I have to explain more frequently than one may imagine the meaning of ‘freehold’. In England, only the Sovereign owns land; the rest of us just hold bits of the Sovereign’s land on various terms. Freehold means just that – that we hold the land of the Crown free of fee and charge. Of course, from 1688 onwards the grounds on which the Sovereign could deprive us of our holding have been increasingly governed by legislation. Generally only when the Crown wants to enable the building of a new airport or motorway can our holding be cancelled. And when that freehold is also your dwelling even the Crown (through the civil courts) can’t transfer that freehold to your creditors in settlement.
I deliberately wrote ‘England’ above. Things are slightly different in Scotland. The 2003 Scottish Land Reform Act though is pretty similar to the Countryside and Rights of way Act 2000 in England; both grant rights to others to use your land for recreation. Aimed at the bogeyman of large landholders, as hated as bankers in some parts, these were populist bits of legislation designed as vote-winners. A few disgruntled peers having to tolerate the hoi-polloi in fluorescent kagouls picnicking on their lawns didn’t count.

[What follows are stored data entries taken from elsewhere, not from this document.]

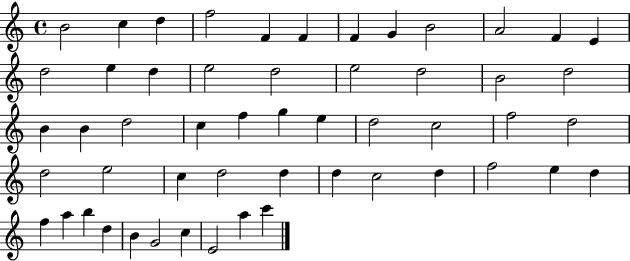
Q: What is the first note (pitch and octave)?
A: B4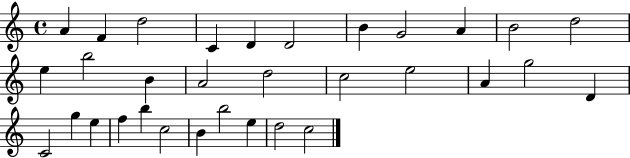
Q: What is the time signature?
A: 4/4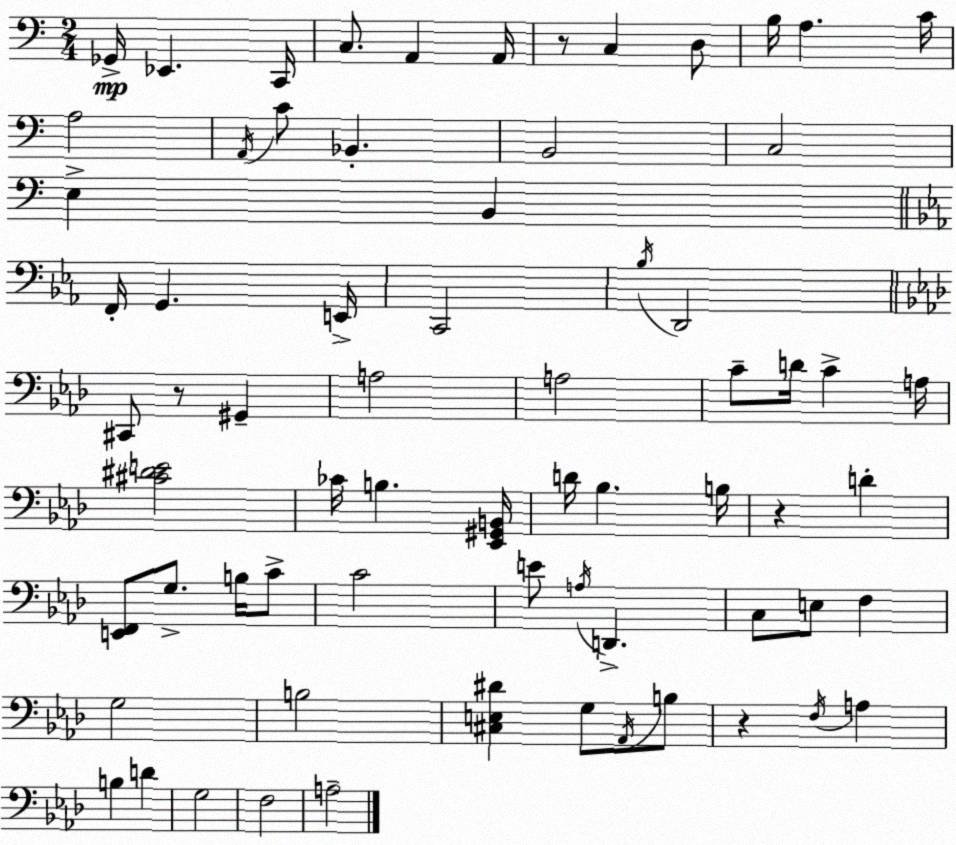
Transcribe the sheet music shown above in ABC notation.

X:1
T:Untitled
M:2/4
L:1/4
K:Am
_G,,/4 _E,, C,,/4 C,/2 A,, A,,/4 z/2 C, D,/2 B,/4 A, C/4 A,2 A,,/4 C/2 _B,, B,,2 C,2 E, B,, F,,/4 G,, E,,/4 C,,2 _B,/4 D,,2 ^C,,/2 z/2 ^G,, A,2 A,2 C/2 D/4 C A,/4 [^C^DE]2 _C/4 B, [_E,,^G,,B,,]/4 D/4 _B, B,/4 z D [E,,F,,]/2 G,/2 B,/4 C/2 C2 E/2 A,/4 D,, C,/2 E,/2 F, G,2 B,2 [^C,E,^D] G,/2 _A,,/4 B,/2 z F,/4 A, B, D G,2 F,2 A,2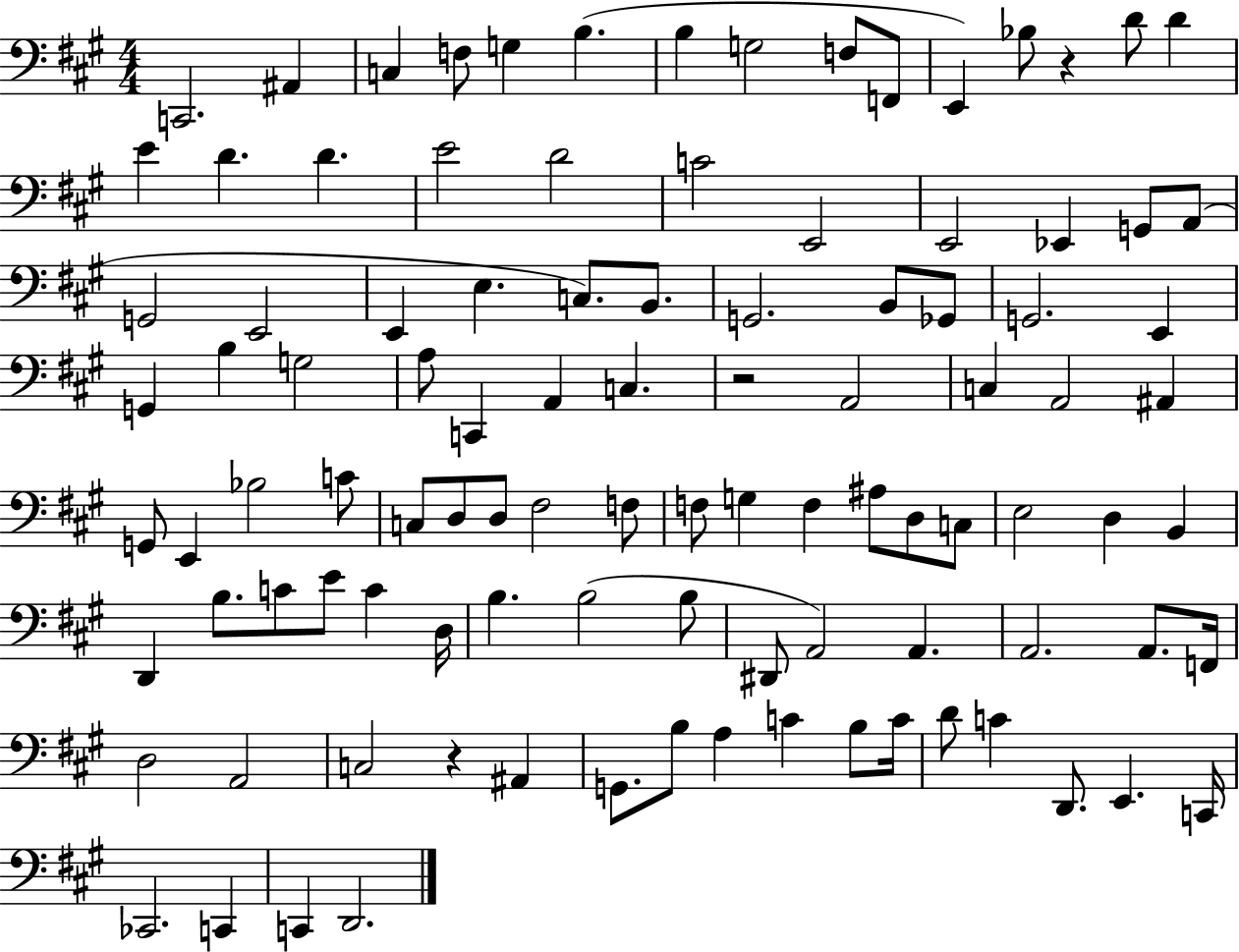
C2/h. A#2/q C3/q F3/e G3/q B3/q. B3/q G3/h F3/e F2/e E2/q Bb3/e R/q D4/e D4/q E4/q D4/q. D4/q. E4/h D4/h C4/h E2/h E2/h Eb2/q G2/e A2/e G2/h E2/h E2/q E3/q. C3/e. B2/e. G2/h. B2/e Gb2/e G2/h. E2/q G2/q B3/q G3/h A3/e C2/q A2/q C3/q. R/h A2/h C3/q A2/h A#2/q G2/e E2/q Bb3/h C4/e C3/e D3/e D3/e F#3/h F3/e F3/e G3/q F3/q A#3/e D3/e C3/e E3/h D3/q B2/q D2/q B3/e. C4/e E4/e C4/q D3/s B3/q. B3/h B3/e D#2/e A2/h A2/q. A2/h. A2/e. F2/s D3/h A2/h C3/h R/q A#2/q G2/e. B3/e A3/q C4/q B3/e C4/s D4/e C4/q D2/e. E2/q. C2/s CES2/h. C2/q C2/q D2/h.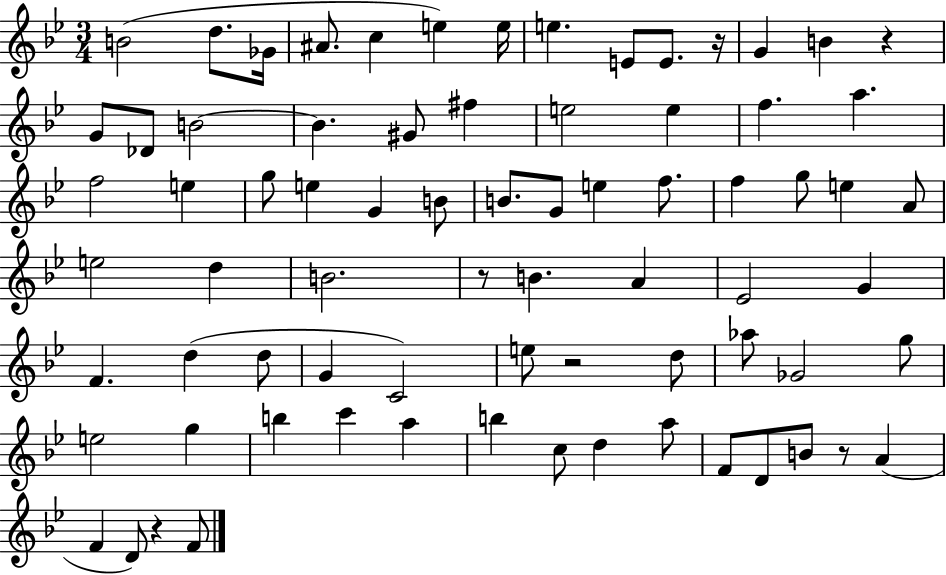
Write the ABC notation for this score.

X:1
T:Untitled
M:3/4
L:1/4
K:Bb
B2 d/2 _G/4 ^A/2 c e e/4 e E/2 E/2 z/4 G B z G/2 _D/2 B2 B ^G/2 ^f e2 e f a f2 e g/2 e G B/2 B/2 G/2 e f/2 f g/2 e A/2 e2 d B2 z/2 B A _E2 G F d d/2 G C2 e/2 z2 d/2 _a/2 _G2 g/2 e2 g b c' a b c/2 d a/2 F/2 D/2 B/2 z/2 A F D/2 z F/2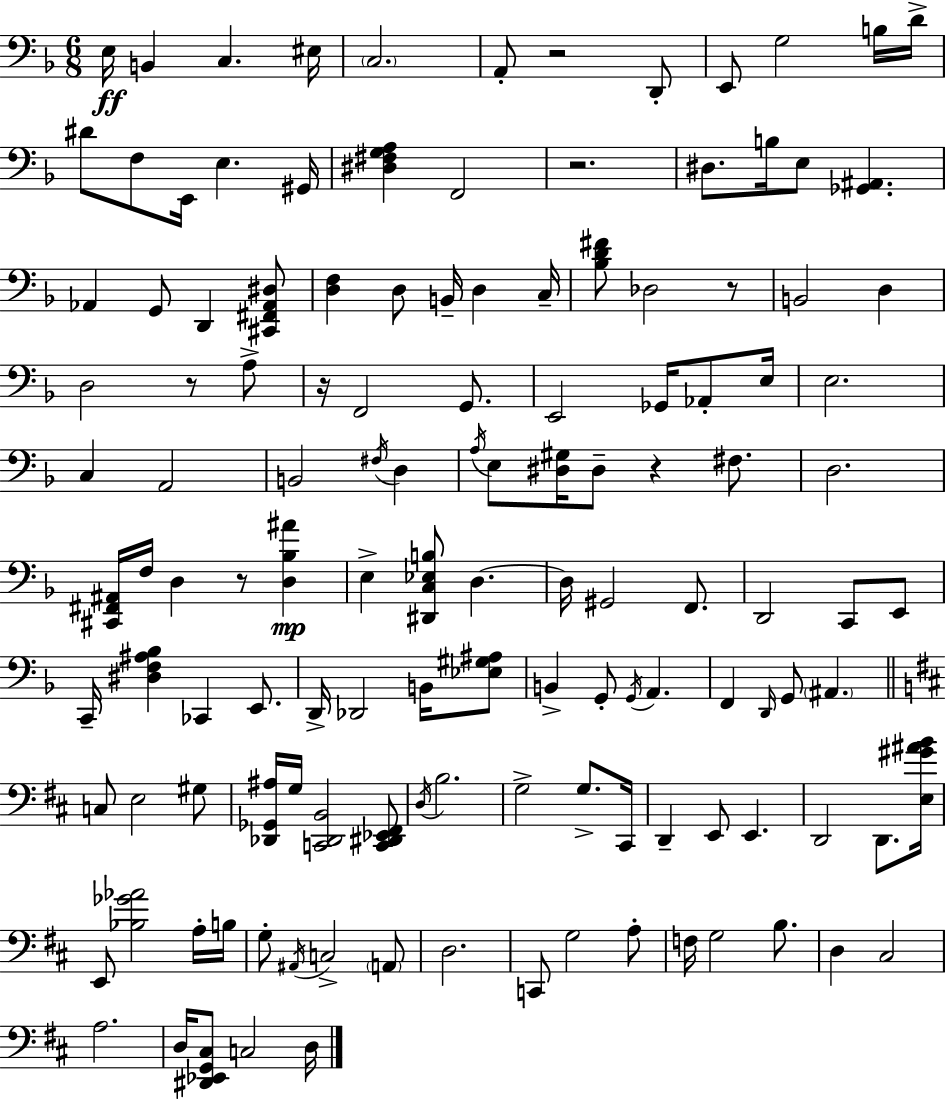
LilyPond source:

{
  \clef bass
  \numericTimeSignature
  \time 6/8
  \key d \minor
  e16\ff b,4 c4. eis16 | \parenthesize c2. | a,8-. r2 d,8-. | e,8 g2 b16 d'16-> | \break dis'8 f8 e,16 e4. gis,16 | <dis fis g a>4 f,2 | r2. | dis8. b16 e8 <ges, ais,>4. | \break aes,4 g,8 d,4 <cis, fis, aes, dis>8 | <d f>4 d8 b,16-- d4 c16-- | <bes d' fis'>8 des2 r8 | b,2 d4 | \break d2 r8 a8-> | r16 f,2 g,8. | e,2 ges,16 aes,8-. e16 | e2. | \break c4 a,2 | b,2 \acciaccatura { fis16 } d4 | \acciaccatura { a16 } e8 <dis gis>16 dis8-- r4 fis8. | d2. | \break <cis, fis, ais,>16 f16 d4 r8 <d bes ais'>4\mp | e4-> <dis, c ees b>8 d4.~~ | d16 gis,2 f,8. | d,2 c,8 | \break e,8 c,16-- <dis f ais bes>4 ces,4 e,8. | d,16-> des,2 b,16 | <ees gis ais>8 b,4-> g,8-. \acciaccatura { g,16 } a,4. | f,4 \grace { d,16 } g,8 \parenthesize ais,4. | \break \bar "||" \break \key d \major c8 e2 gis8 | <des, ges, ais>16 g16 <c, des, b,>2 <c, dis, ees, fis,>8 | \acciaccatura { d16 } b2. | g2-> g8.-> | \break cis,16 d,4-- e,8 e,4. | d,2 d,8. | <e gis' ais' b'>16 e,8 <bes ges' aes'>2 a16-. | b16 g8-. \acciaccatura { ais,16 } c2-> | \break \parenthesize a,8 d2. | c,8 g2 | a8-. f16 g2 b8. | d4 cis2 | \break a2. | d16 <dis, ees, g, cis>8 c2 | d16 \bar "|."
}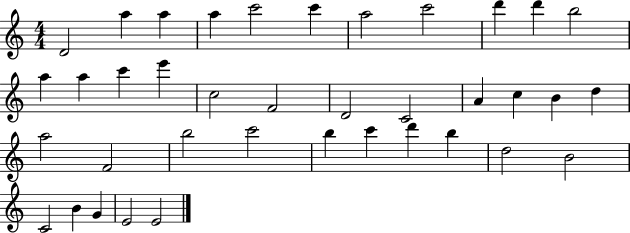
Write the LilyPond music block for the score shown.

{
  \clef treble
  \numericTimeSignature
  \time 4/4
  \key c \major
  d'2 a''4 a''4 | a''4 c'''2 c'''4 | a''2 c'''2 | d'''4 d'''4 b''2 | \break a''4 a''4 c'''4 e'''4 | c''2 f'2 | d'2 c'2 | a'4 c''4 b'4 d''4 | \break a''2 f'2 | b''2 c'''2 | b''4 c'''4 d'''4 b''4 | d''2 b'2 | \break c'2 b'4 g'4 | e'2 e'2 | \bar "|."
}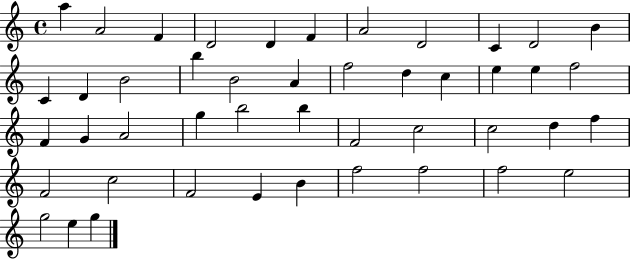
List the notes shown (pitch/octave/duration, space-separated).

A5/q A4/h F4/q D4/h D4/q F4/q A4/h D4/h C4/q D4/h B4/q C4/q D4/q B4/h B5/q B4/h A4/q F5/h D5/q C5/q E5/q E5/q F5/h F4/q G4/q A4/h G5/q B5/h B5/q F4/h C5/h C5/h D5/q F5/q F4/h C5/h F4/h E4/q B4/q F5/h F5/h F5/h E5/h G5/h E5/q G5/q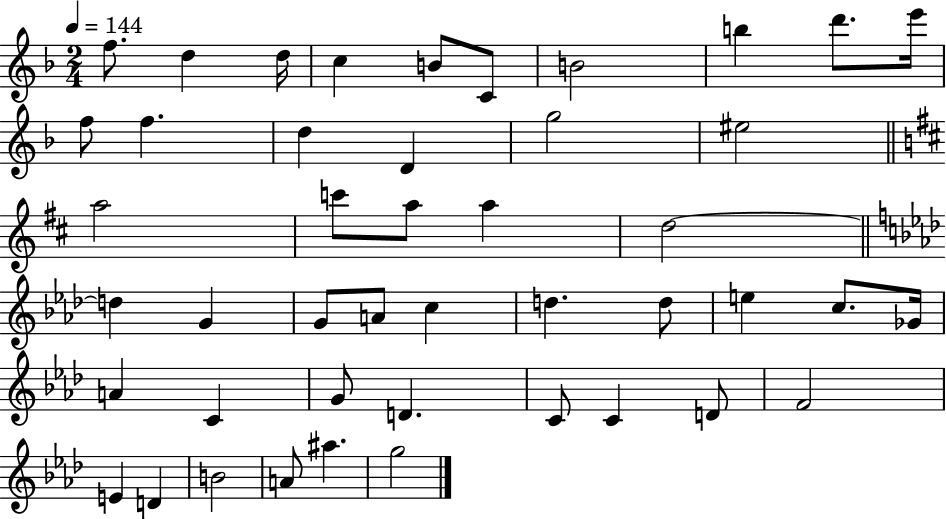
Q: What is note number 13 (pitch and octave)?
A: D5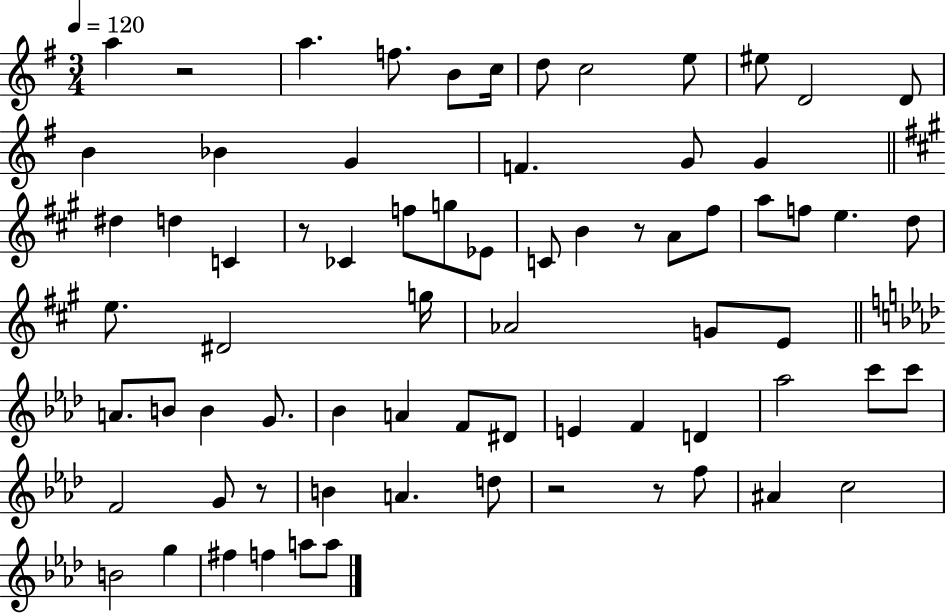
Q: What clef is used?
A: treble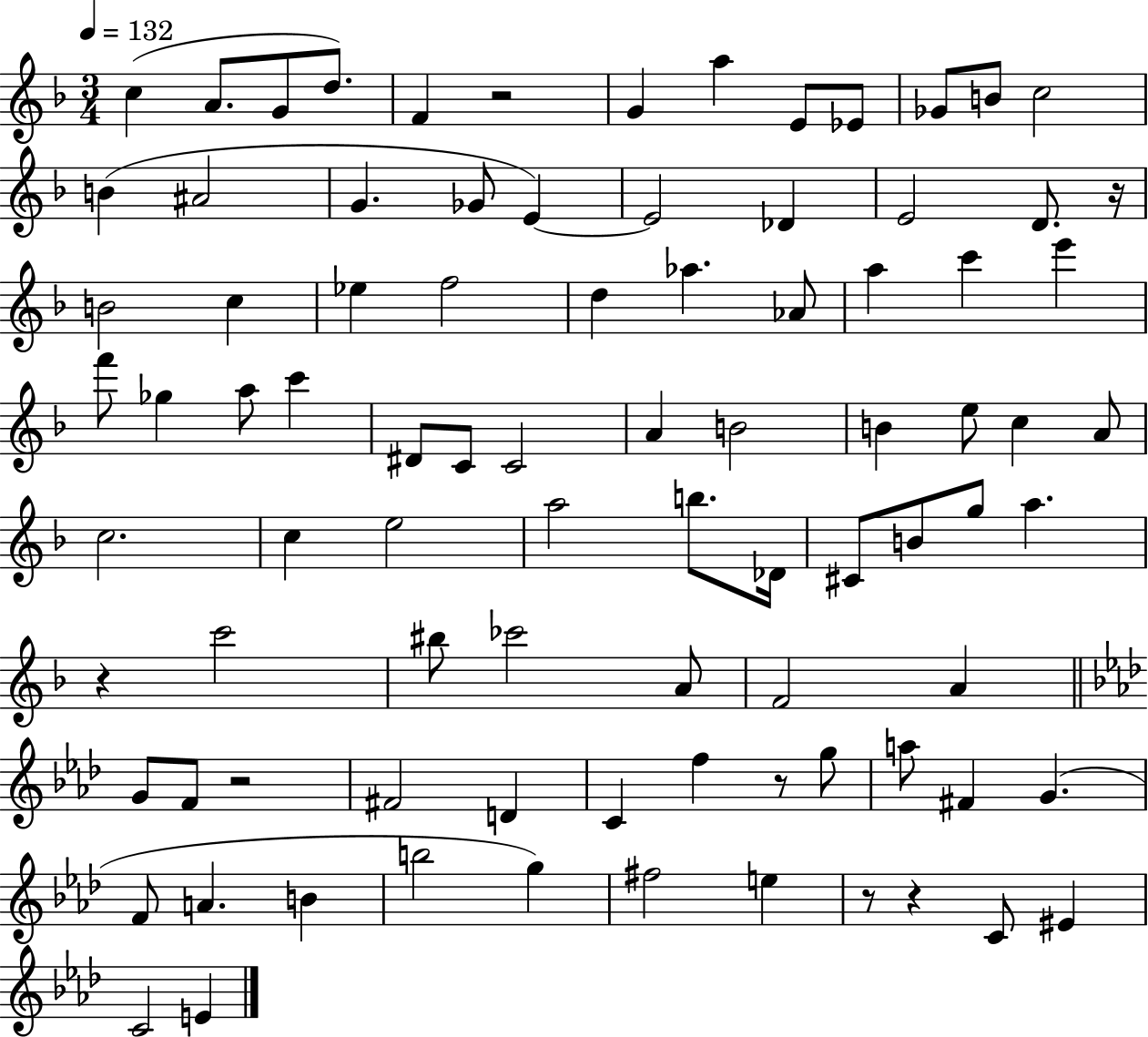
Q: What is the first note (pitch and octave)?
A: C5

But now it seems the legislation will be tested in the ECHR; are the rights granted to walkers and crofters at odds with the rights to enjoyment of property in the European Convention? People like the Duke of Buccleuch are unlikely appellants for Human Rights, but the Court of Session in Edinburgh must now turn its mind to the question.
Those hoping that court cases arising from the Convention may strengthen the rights of individual land ownership in England are doomed to disappointment. ‘Queen say all your house belong me’. And that’s the way I’m sure it will stay.